Khushboo Khullar of Lightning Ventures, speaking to Bloomberg, argued that the crypto sell-off is part of a broader liquidity panic as traders rush to cover margin calls. Khullar views this as a temporary sell-off, presenting a potential buying opportunity.

Josh Gilbert, an eToro market analyst, supports Khullar’s perspective, suggesting that the expected Federal Reserve rate cuts could benefit crypto assets. “Crypto assets have sold off, but many investors will see an opportunity. We see Federal Reserve rate cuts, which are now likely to come sharper than expected, as hugely positive for crypto assets,” Gilbert told Coindesk.

Despite the recent volatility, crypto continues to make strides toward mainstream acceptance. Notably, Morgan Stanley will allow its advisors to offer Bitcoin ETFs starting Wednesday. This follows more than half a year after the introduction of the first Bitcoin ETF. The investment bank will enable over 15,000 of its financial advisors to sell BlackRock’s IBIT and Fidelity’s FBTC. This move is seen as a significant step toward the “mainstreamization” of crypto, given the lengthy regulatory and company processes in major investment banks.
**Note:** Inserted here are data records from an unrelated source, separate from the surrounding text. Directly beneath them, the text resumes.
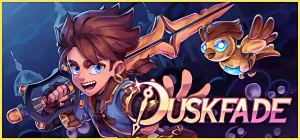 Duskfade Build 24680987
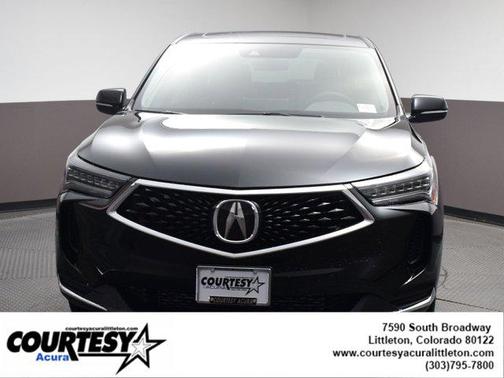 2024 Acura RDX Base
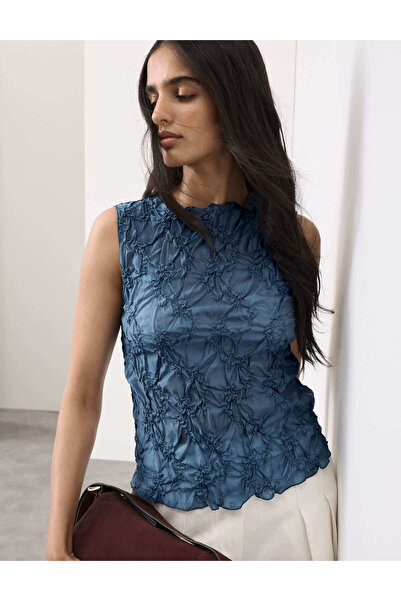 Marks & Spencer Autograph Detaylı Bluz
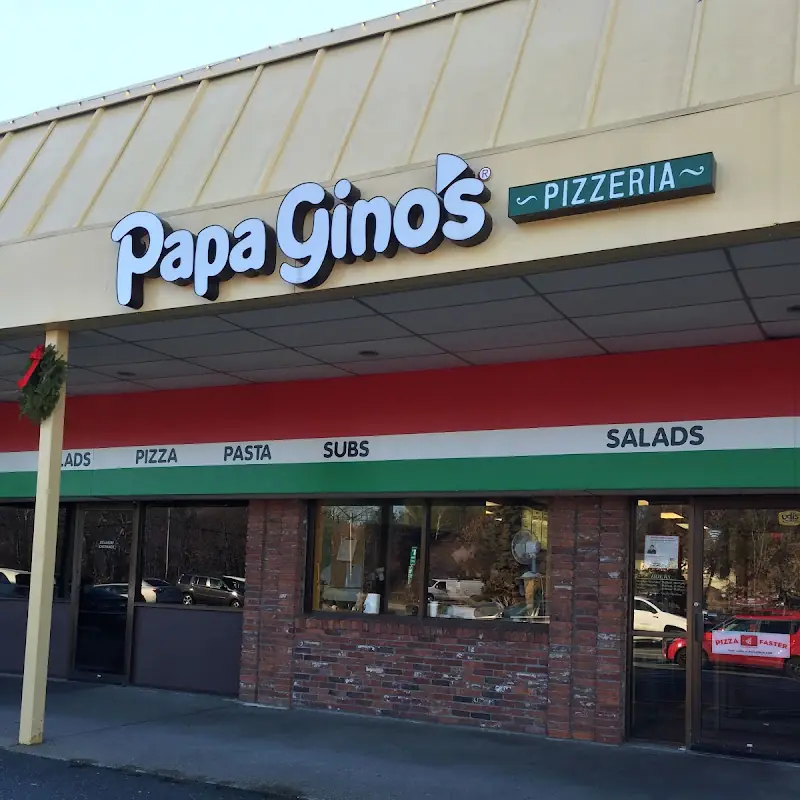 Papa Gino's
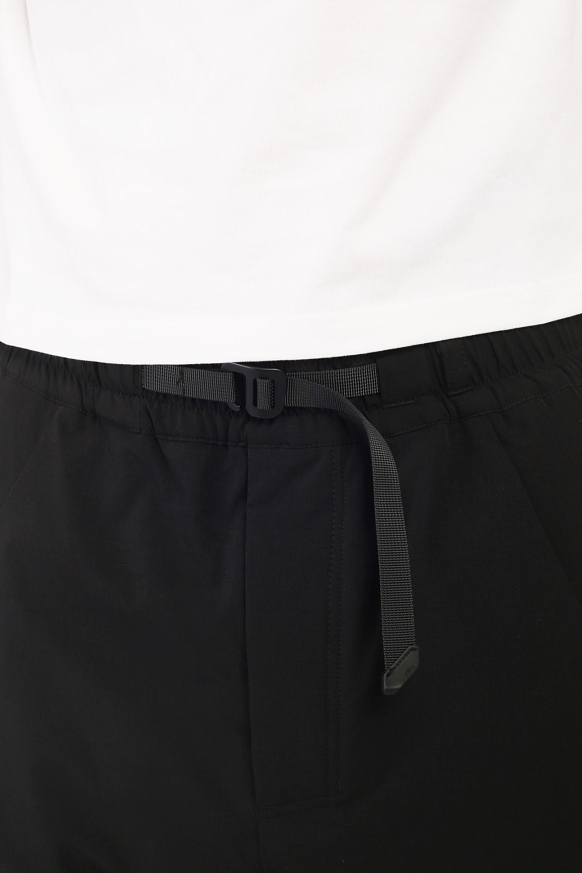 Мужские шорты KRAKATAU Rm183-1 (Rm183-1-чёрный) - фото 5 картинки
The recent crypto market downturn highlights its volatility and the broader economic concerns affecting all risk assets. While some analysts see the current situation as a temporary sell-off and a buying opportunity, others caution against the speculative nature of crypto. As the market evolves, its role as a mainstream alternative asset continues to grow, marked by increasing institutional acceptance and new investment opportunities.